For it is their open action that will change things.
Concerted open action.
I am saddened, for instance, that the recent emergence of protest in various universities in England – well done Manchester – does not immediately have connection with the legacy of the post autistic movement started in Paris many years ago. That legacy is alive in the form of the World Economic Association with its 12,000 members worldwide.
Then there is the Institute for New Economic Thinking with its illustrious patronage from George Soros.
And now there’s Rethinking Economics, a collaborative network of ‘rethinks’, who presumably will rethink economics. They appear to collaborate with those students at Manchester and elsewhere who go under the banner of The Post Crash Economics Society. Or at least I think they do.
Then there are the outposts of heterodox thought and centers of resistance like the Heterodox Newsletter produced out in Kansas.
There’s clearly a lot of energy. And a great deal of frustration with the status quo.

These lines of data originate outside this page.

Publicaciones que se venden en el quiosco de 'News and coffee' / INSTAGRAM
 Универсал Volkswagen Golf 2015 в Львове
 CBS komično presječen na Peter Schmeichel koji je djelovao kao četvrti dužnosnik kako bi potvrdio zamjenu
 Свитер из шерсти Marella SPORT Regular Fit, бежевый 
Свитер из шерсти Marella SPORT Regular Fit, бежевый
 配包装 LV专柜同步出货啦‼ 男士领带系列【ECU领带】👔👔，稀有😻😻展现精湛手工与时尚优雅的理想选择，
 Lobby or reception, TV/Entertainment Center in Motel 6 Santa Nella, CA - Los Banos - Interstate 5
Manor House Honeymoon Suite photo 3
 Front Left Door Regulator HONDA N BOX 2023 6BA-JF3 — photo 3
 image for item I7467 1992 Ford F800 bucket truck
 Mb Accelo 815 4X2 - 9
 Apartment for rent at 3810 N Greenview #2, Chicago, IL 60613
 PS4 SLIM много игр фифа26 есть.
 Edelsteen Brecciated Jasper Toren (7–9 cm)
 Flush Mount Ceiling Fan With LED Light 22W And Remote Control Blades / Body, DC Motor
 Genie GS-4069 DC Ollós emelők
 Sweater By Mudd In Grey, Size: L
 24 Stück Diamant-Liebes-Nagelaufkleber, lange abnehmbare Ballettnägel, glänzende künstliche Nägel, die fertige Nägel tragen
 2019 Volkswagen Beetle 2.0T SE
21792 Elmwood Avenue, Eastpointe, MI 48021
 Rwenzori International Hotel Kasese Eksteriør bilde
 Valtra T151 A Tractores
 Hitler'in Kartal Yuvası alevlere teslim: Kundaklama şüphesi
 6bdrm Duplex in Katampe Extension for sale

But not enough actual tangible progress.
I very much fear that this energy will dissipate quickly – once again – when it comes into contact with the inertia of academia, and the entrenched patronizing complacency of orthodoxy.
Hence my exasperation.
So, in order to avoid disappointment, I call on all those who lead these groups to convene, to cooperate, to organize, and to act.
Together not apart.
Call each other. Support each other. Now.